Por que alguns países são ricos e outros pobres? Por que é difícil – aparentemente impossível – que os países pobres alcancem os ricos? O que é específico para os países em desenvolvimento e sua posição no sistema global que dificulta o desenvolvimento econômico? Essas questões estão no núcleo de uma abordagem do desenvolvimento que passou a ser conhecida como teoria da dependência.

A teoria da dependência é uma família de teorias que tentam explicar o desenvolvimento desigual ao redor do mundo. Há muita discordância na tradição da teoria da dependência em relação a por que a desigualdade entre países parece estar aumentando, abrangendo desde a maneira como o capitalismo se espalhou para a periferia, até a dependência tecnológica e financeira.

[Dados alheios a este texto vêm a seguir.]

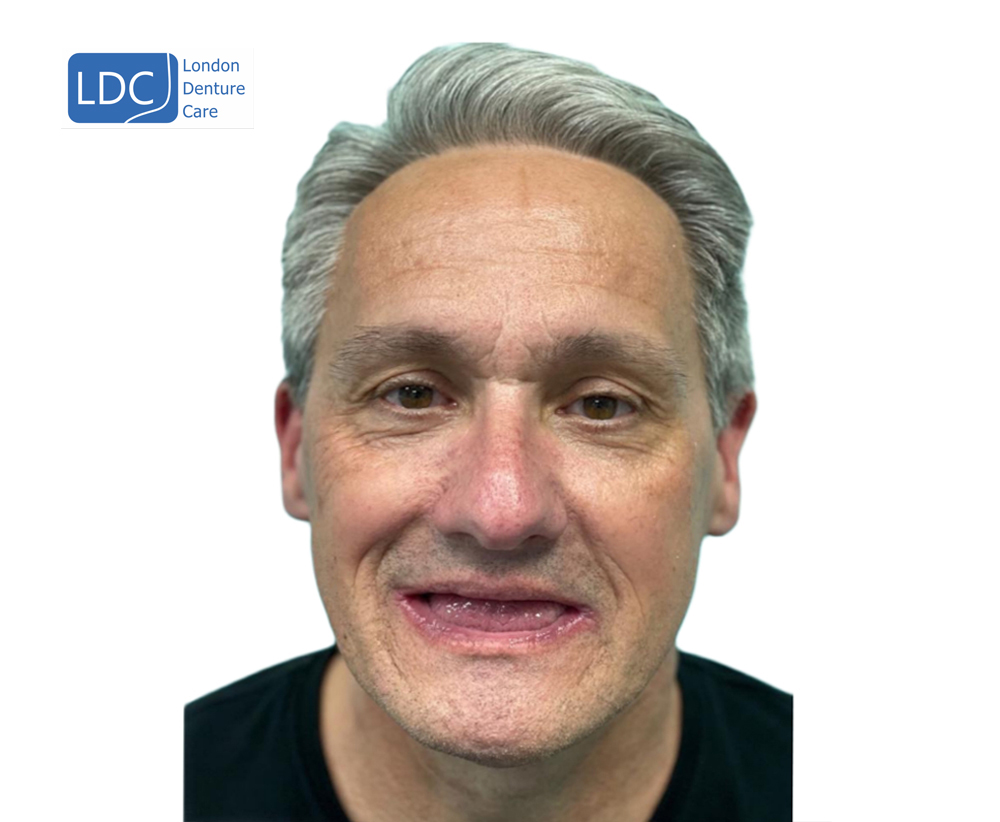 https://londondenturecare.com/wp-content/uploads/2025/01/teeth-after2.jpg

Embora a teoria da dependência já tenha sido considerada um campo acadêmico sério, a análise dentro da tradição diminuiu no final da década de 1970 e tem estado inativa desde então, pelo menos no Ocidente.

Ceticismo acadêmico
A crítica da teoria da dependência pode ser resumida em três pontos:

  • propriedade da produção;
  • a visão centro-periferia; e
  • desenvolvimento nos países em desenvolvimento.

Propriedade da produção

O foco da teoria da dependência na extração de riqueza e recursos pelos países desenvolvidos (o centro) nos países em desenvolvimento (periferia) tem sido criticado por deixar escapar o contexto mais amplo de como o trabalho é uma fonte de exploração globalmente, e como e onde os lucros são reinvestidos. O argumento é contra o foco na extração feita por corporações multinacionais – que fazem parte do centro.

Os críticos afirmam que a ênfase da análise deveria estar em como os países em desenvolvimento falham em se beneficiar: da relação entre aqueles que possuem os meios de produção e aqueles que não possuem; e de variações nos incentivos fornecidos por diferentes ambientes econômicos[1].

A visão centro-periferia

O ambicioso objetivo da teoria da dependência de descrever o capitalismo mundial em termos binários de centro e periferia tem sido criticado por estar desatualizado. Por exemplo, o que dizer dos padrões de vida do Reino Unido caindo para níveis sem precedentes?

Desenvolvimento nos países em desenvolvimento

A teoria da dependência inicialmente não explorou as razões pelas quais alguns países em desenvolvimento conseguiram se desenvolver. Amsden[2] argumenta, com base nos desenvolvimentistas bem-sucedidos, como Coréia do Sul e Taiwan, que um aumento nas capacidades industriais dos países em desenvolvimento pode levar a um forte crescimento econômico, mesmo que não estejam nos níveis dos países desenvolvidos.

Contra-crítica e relevância

Relações de produção. A análise das formações de classe e das relações de produção varia entre as diferentes teorias da dependência. Dentro da tradição, existem embates a respeito de se examinar primeiro as relações de produção em localidades específicas antes de passar para uma análise baseada no comércio internacional. O foco no comércio levantou muitas questões, incluindo:

  • como a extração do excedente ocorre por meio de relações comerciais e de investimento entre países ricos e pobres;
  • como as empresas multinacionais tomam decisões de investir em países em desenvolvimento ou de repatriar lucros; e
  •  a mão-de-obra barata nos países pobres é a fonte da troca desigual?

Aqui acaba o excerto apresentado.